I’ve handled these processes well thanks to the skills I’ve built over the years. Finance and M&A activities require a deep and broad understanding of corporate and tax dynamics, along with advanced skills in asset valuation, budget planning and business planning.
Three years ago, I decided to combine my services with other specializations, such as VAT issues, fiscal representation, and corporate consulting for foreign companies. As a small firm aiming to deliver high-quality services, I can’t compete directly with larger international firms, but I’ve found some valuable niches.
I positioned myself as a medium-sized firm working with companies that have a turnover below €50 million. Many smaller companies that rely on a local accountant with a single office often lack a solid approach to handling major, unusual operations. This is usually because their accountant has only dealt with these situations a few times, given their rarity.
So my potential clients are companies with turnovers ranging from €5 million up to €40 million, which often don’t have the knowledge or experience to manage generational transitions or take advantage of significant acquisition opportunities.
Q: Which sectors in the Italian market do you think will receive the most investment in the coming years?
Right now, I’m very focused on the opportunities tied to the PNRR (Italy’s National Recovery and Resilience Plan), which is allowing Italy—and the entire system—to benefit from a huge amount of funding, including grants that don’t need to be repaid.
For example, here in Padua, a city known for its university since 1222, there’s a recurring issue with the shortage of student housing. This has attracted significant attention not only from the local administration but also from major institutional investors. They’re focusing on Padua more than other Italian cities for various reasons, and one incentive here is a grant of €20,000 per bed, defined by the Ministry of Universities and Research and funded by the PNRR.
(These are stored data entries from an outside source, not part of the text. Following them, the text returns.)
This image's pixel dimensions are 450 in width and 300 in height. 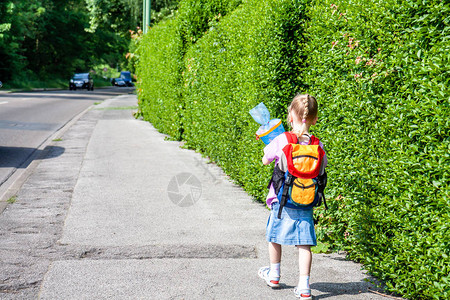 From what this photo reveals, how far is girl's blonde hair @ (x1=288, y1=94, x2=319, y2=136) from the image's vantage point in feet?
12.6

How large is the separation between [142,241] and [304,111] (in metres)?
2.23

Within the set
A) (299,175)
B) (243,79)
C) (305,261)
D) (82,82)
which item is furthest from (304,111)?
(82,82)

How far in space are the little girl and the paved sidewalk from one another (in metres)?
0.20

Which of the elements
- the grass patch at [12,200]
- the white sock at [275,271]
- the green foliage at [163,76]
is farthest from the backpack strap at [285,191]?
the green foliage at [163,76]

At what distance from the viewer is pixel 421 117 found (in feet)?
11.2

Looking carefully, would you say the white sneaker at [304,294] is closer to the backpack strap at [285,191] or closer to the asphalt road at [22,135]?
the backpack strap at [285,191]

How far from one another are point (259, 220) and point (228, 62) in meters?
2.88

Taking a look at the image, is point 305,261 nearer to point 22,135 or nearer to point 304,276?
point 304,276

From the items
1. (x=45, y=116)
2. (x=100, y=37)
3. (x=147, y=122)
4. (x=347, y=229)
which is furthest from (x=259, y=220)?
(x=100, y=37)

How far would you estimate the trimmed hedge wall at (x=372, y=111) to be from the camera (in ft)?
10.9

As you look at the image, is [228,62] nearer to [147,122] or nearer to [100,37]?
[147,122]

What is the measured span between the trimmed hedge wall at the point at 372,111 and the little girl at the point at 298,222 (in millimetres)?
488

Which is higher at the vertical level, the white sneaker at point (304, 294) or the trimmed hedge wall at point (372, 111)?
the trimmed hedge wall at point (372, 111)

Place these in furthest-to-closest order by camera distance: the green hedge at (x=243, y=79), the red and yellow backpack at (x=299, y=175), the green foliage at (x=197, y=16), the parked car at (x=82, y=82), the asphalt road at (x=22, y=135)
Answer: the parked car at (x=82, y=82)
the green foliage at (x=197, y=16)
the asphalt road at (x=22, y=135)
the green hedge at (x=243, y=79)
the red and yellow backpack at (x=299, y=175) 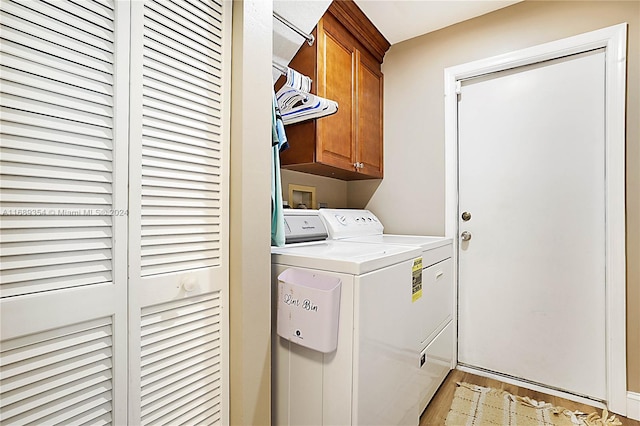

So, if a developer plans a €20 million investment to build a 400-bed student residence, they could receive €8 million in non-repayable funds, available immediately by June 30, 2026. This makes anything the government has included in the PNRR likely to see rapid growth in the next few years.
As for business or industrial sectors that may develop in the coming years, food is an obvious one for Italy. This includes all areas of food production—like pasta, bakery goods, or meat processing—and the companies that support them, such as packaging manufacturers.
I don’t see much growth in clothing production, though established brands are likely to expand.
We’re all aware of the current crisis in the automotive sector. It doesn’t look like there’s a quick fix on the horizon, which will impact the entire supply chain. In contrast, sectors related to software and technology are likely to keep growing steadily and deliver good results over time.
Q. The energy sector is attracting significant investment. Does this reflect what you’re seeing?
The energy sector is an interesting one, because high costs create barriers to entry. This is where government incentives come in, including those from past administrations, and now we’re seeing even more momentum, especially with the rise of renewable energy communities—a hot topic that banks are heavily supporting.
The sector has received substantial funding, and I wonder whether it would have grown as much without incentives. For example, the installation of photovoltaic panels has been popular for about 20 years, with ups and downs, as well as high-efficiency condensing boilers, storage batteries, and other modern amenities.
When it comes to actual energy production, it’ll be interesting to see how renewable energy communities evolve over time. There’s also a lot of focus on them right now, and significant funds are being allocated by banks for these activities at very favorable rates.
So, we have a perfect mix of conditions at the moment, including good financial terms, supportive government policies, and the contributions I mentioned earlier. These combined factors can mobilize large amounts of capital.